American Tax Court judge (1912–1997)

Irene Feagin Scott (October 6, 1912 – April 10, 1997) was a judge of the United States Tax Court from 1960 to 1982.

==Early life, education, and career==
Born in Union Springs, Alabama, to Arthur H. and Irene Peach Feagin, she attended public school in Union Springs, graduating from Union Springs High School in 1929. She received an A.B. from the University of Alabama in 1932, followed by an LL.B. from the same school in 1936. She was admitted to Alabama bar in 1936, and became an attorney in the Office of Chief Counsel, Internal Revenue Service in 1937. She also continued her studies, receiving an LL.M. from Catholic University of America in 1939.
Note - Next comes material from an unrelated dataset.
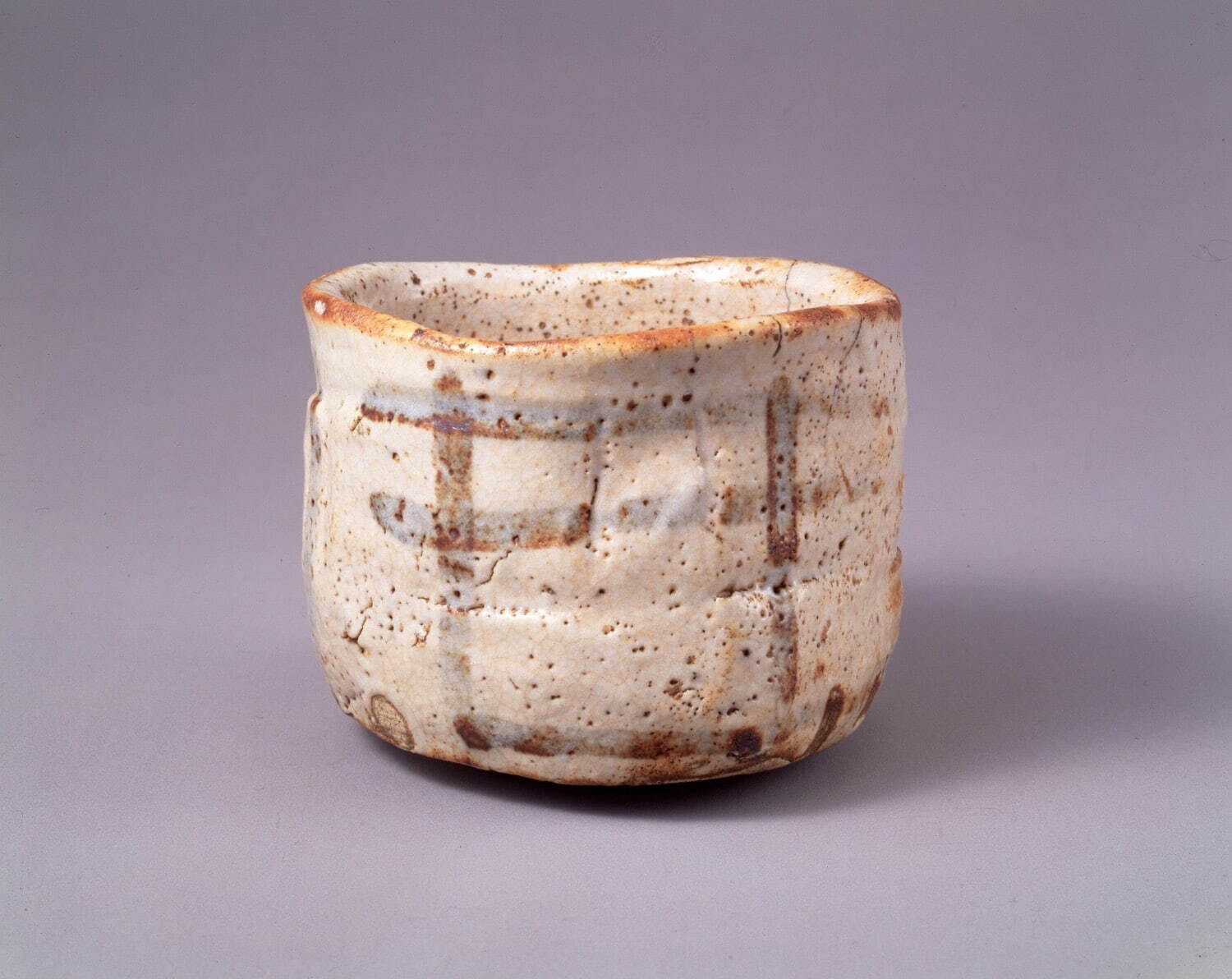 国宝 《志野茶碗 銘 卯花墻》 1口
桃山時代 16-17世紀 三井記念美術館蔵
==Legal and judicial career==
Scott worked as an attorney in the Office of Chief Counsel until 1950, when she became Special Assistant to the Head of the Appeals Division. She also served as a member of the agency's Excess Profits Tax Council from 1950 to 1952. In 1959, she became Staff Assistant to the Chief Counsel. In May 1960, President Dwight D. Eisenhower appointed Scott to a seat on the United States Tax Court, for term expiring June 1, 1972. This was one of several appointments which went against a previously observed Senate Resolution prohibiting the appointment to that body of persons recently employed by the Treasury Department. She was reappointed by President Richard Nixon on June 1, 1972 for an additional 15-year term. She received an honorary LL.D. from the University of Alabama, 1978, and took senior status in 1982, continuing to serve in that capacity until her death.

==Personal life==
Scott married Thomas J. Scott in 1939, with whom she had two children, Thomas J., Jr. and Irene. Scott's husband died in 1986. She lived for eleven years thereafter, and was buried in Arlington National Cemetery.